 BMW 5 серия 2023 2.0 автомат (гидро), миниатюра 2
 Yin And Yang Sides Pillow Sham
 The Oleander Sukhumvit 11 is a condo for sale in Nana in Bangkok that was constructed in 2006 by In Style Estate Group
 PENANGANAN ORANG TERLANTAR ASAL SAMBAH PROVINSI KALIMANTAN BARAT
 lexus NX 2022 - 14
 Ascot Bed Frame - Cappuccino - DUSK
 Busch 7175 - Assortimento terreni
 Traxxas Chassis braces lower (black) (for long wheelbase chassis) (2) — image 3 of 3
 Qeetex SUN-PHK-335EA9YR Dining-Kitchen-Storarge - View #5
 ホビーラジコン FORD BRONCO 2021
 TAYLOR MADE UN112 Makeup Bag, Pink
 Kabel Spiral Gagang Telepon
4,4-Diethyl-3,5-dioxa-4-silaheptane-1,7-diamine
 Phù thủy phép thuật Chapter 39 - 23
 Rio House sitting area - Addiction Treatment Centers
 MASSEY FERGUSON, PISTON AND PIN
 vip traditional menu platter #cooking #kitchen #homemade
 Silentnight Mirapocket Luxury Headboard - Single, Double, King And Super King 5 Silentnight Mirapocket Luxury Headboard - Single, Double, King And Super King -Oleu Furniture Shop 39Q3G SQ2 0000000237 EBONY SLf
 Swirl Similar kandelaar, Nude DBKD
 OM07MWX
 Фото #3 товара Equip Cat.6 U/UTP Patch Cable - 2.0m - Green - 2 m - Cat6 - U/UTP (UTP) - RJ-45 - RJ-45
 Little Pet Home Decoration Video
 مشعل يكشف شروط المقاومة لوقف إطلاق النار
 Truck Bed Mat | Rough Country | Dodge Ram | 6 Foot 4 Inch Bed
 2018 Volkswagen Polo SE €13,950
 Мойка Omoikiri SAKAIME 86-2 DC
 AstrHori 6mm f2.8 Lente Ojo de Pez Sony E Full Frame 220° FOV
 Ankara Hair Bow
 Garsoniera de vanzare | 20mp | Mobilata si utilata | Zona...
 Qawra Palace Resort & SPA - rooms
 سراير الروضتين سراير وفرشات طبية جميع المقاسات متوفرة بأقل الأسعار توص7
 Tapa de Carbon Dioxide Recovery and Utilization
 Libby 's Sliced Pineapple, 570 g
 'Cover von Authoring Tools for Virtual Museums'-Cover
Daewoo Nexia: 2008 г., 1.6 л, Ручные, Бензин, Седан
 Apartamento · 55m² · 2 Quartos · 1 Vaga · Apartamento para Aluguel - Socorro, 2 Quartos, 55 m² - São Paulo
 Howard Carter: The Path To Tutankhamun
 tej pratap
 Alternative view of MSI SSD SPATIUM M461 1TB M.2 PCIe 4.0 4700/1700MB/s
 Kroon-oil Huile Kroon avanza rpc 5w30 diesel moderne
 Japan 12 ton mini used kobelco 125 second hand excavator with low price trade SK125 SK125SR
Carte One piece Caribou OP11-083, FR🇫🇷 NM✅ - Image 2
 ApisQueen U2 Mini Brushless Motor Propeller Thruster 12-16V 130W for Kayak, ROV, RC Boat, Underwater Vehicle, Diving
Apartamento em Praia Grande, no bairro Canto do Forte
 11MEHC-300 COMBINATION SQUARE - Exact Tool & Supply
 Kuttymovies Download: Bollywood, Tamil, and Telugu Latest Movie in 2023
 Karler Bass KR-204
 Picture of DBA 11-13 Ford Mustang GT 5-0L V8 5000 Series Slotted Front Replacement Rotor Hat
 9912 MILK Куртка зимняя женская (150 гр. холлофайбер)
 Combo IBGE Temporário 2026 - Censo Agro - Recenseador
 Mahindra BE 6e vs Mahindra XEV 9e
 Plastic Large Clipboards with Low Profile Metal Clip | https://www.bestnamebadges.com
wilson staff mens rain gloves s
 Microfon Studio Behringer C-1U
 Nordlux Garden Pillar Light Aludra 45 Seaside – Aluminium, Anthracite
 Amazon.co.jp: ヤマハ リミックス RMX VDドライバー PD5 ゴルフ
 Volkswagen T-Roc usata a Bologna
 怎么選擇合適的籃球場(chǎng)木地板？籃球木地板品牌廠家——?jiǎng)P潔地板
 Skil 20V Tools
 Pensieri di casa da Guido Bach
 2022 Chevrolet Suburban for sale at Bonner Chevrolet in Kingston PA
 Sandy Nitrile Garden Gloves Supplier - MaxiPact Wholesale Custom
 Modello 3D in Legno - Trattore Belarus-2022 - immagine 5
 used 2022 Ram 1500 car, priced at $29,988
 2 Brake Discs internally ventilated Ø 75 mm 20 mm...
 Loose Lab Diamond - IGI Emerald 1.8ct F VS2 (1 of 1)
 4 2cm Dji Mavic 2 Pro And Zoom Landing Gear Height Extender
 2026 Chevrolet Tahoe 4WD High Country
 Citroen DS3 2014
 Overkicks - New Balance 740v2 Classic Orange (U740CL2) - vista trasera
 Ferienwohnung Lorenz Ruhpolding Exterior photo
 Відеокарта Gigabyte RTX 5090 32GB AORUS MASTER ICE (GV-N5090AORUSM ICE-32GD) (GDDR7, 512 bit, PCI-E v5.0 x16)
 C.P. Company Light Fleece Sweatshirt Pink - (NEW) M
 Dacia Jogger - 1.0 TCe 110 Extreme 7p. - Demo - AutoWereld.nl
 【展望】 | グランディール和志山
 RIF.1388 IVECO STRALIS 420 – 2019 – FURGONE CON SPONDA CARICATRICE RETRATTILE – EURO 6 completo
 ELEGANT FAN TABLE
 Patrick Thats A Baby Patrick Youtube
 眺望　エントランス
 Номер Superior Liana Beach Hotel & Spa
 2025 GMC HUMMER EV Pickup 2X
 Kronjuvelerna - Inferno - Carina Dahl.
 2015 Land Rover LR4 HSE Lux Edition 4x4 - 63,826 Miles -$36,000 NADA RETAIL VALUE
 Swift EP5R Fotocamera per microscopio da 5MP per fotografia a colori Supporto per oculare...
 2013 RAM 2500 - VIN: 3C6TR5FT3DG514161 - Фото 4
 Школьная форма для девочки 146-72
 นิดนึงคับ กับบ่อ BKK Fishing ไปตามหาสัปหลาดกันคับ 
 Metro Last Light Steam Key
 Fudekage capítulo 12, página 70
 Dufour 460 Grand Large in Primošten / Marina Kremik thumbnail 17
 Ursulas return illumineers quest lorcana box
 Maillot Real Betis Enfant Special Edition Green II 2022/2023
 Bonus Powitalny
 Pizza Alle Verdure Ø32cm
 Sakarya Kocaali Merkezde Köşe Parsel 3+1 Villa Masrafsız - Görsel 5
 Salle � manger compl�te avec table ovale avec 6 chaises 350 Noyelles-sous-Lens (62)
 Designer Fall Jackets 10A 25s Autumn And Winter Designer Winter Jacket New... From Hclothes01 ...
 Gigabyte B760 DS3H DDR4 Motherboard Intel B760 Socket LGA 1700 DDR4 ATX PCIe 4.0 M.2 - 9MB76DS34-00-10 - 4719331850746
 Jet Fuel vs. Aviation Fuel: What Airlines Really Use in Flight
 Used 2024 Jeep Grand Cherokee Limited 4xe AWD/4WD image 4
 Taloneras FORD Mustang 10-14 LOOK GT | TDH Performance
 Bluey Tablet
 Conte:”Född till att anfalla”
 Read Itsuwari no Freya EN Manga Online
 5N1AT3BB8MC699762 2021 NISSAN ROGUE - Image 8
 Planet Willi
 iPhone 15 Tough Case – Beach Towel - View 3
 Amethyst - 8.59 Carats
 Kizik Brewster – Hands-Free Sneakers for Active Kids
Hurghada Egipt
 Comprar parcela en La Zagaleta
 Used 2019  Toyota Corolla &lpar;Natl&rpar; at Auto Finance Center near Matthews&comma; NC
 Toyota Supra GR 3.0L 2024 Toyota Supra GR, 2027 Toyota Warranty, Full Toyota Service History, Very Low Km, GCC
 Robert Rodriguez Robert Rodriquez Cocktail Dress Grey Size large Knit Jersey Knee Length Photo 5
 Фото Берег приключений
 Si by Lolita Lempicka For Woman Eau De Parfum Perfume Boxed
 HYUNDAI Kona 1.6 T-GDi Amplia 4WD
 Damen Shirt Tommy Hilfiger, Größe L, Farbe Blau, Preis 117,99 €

★ ★ ★

WHAT IS REQUIRED: Look through the entries above and count each line holding "Volkswagen"; report the count alone.

RESPONSE BOX: 2